Sacramento is having an exciting rugby movement. Sacramento is a hotbed of American rugby from the grass roots to high school rugby to sending players to major college programs, and now with a pro team in the mix, Sacramento is on an ideal trajectory.

Blaine Scully, a co-captain on the U.S. national team who starred at Jesuit High School and Cal

Saturday will be Scully’s third “test” (nation vs. nation) match with the Eagles in Sacramento; the Eagles beat Canada 38-35 in 2014 and Japan 23-18 last year. One of Scully’s Eagles teammates is center Thretton Palamo, a Davis High School graduate.

“It’s going to be fun, that’s for sure, as it is whenever it’s the USA against Russia,” said Scully. “Bonney Field is one of the best places we play because it’s so intimate. The fans are so close.”

Scully, the son of retired Sacramento County district attorney Jan Scully, said that when the Eagles played at Bonney Field in 2014, he provided 60 tickets for family members and friends. Last year, that number rose to 70, and this year, with his mother helping coordinate the effort, Scully said he expects to distribute more than 80 tickets.

First-year Eagles coach John Mitchell has had coaching stops in his native New Zealand with the storied All Blacks and in Australia and South Africa. This is his first visit to Sacramento, he said, but Scully has been telling him about Sacramento’s rugby history and culture. Mitchell said Scully also has told him about the best places for sushi, Mitchell’s favorite food.

“When Blaine talks about Sacramento rugby, you can see and hear his enthusiasm,” Mitchell said earlier this week. “I can see how the area is a hotbed for rugby talent and fans. Today we held workouts open to the public, and we had quite a lot of people in attendance. That was nice to see.”

Mitchell invited four Sacramento Express players – Eric Fry, Langilangi Haupeakui, John Quill and Sione Sina – to work with the national team this week.

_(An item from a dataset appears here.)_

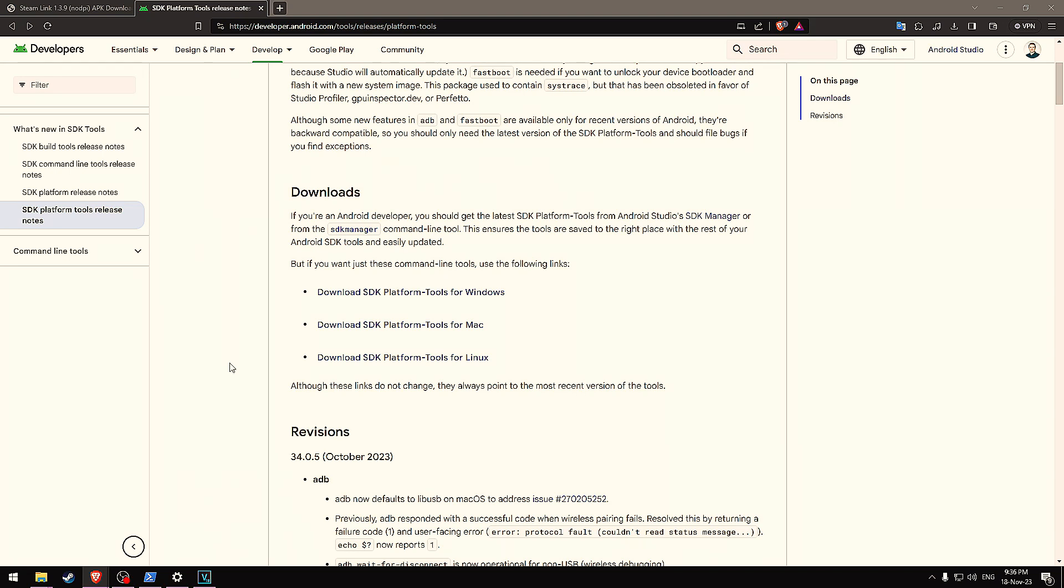Hi, HeadsetHistorian here, back with another historic video. Today I'm going to show you how to sideload Android applications onto your Pimax Crystal.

Fry, who was born in Davis and played for Jesuit and Cal, most recently was with Newcastle of the Aviva English Premiership, the English rugby union’s top division, but he was not offered a new contract. Sacramento Express coach Luke Gross quickly signed him, and the 6-foot-3, 270-pound prop will be in uniform for Sunday’s match against league-leading Denver at the University of Denver. The Express can use him immediately because the team is in last place in PRO at 1-5.

“The prop is the ball winner, and Eric can certainly do that with his size and quickness,” said Gross, who played 62 matches with the Eagles. “He plays the most physical position, and he may be 270 pounds, but he’s a lean 270 and can run all day.”

Unlike Scully and Fry, Gross did not play college rugby. Gross, who is 6-foot-9, played basketball for Indiana State and Marshall and didn’t start playing rugby until he was 24. He played for the Eagles in the 1999 and 2003 Rugby World Cups and helped Roma win the Italian Cup title in 2001.

Gross is familiar with Scully, having coached him on the United States Collegiate All-America team. Gross started working for USA Rugby after his playing career. He said he has led several player and coaches camps and combines in Sacramento over the past five years and witnessed the enthusiasm for rugby in Sacramento, from youth programs and high school programs to men’s and women’s club teams.

Granite Bay upset Royal Irish of Indianapolis 14-8 on May 21 in Charlotte, N.C., to win the National High School Club Championship. The Royal Irish, who beat Granite Bay in the title game last season, were playing in their fifth consecutive national title game.

Jesuit has won multiple national championships. The Marauders lost to Gonzaga College High School 7-6 in the National Single-School Rugby Championships, also in Charlotte on May 21.

In high school club rugby, players don’t have to attend the school; single-school teams consist of students from one school.

Gross said the strength of the youth, club and single-school programs in the area keep feeding Sacramento’s reputation as one of the nation’s rugby hotbeds.

“Seattle, San Diego and San Francisco have good bases of support, but as far as sheer numbers of people involved in the sport, I think Sacramento has to be one of, if not the highest, in the country,” Gross said. “There’s a reason PRO came to Sacramento.”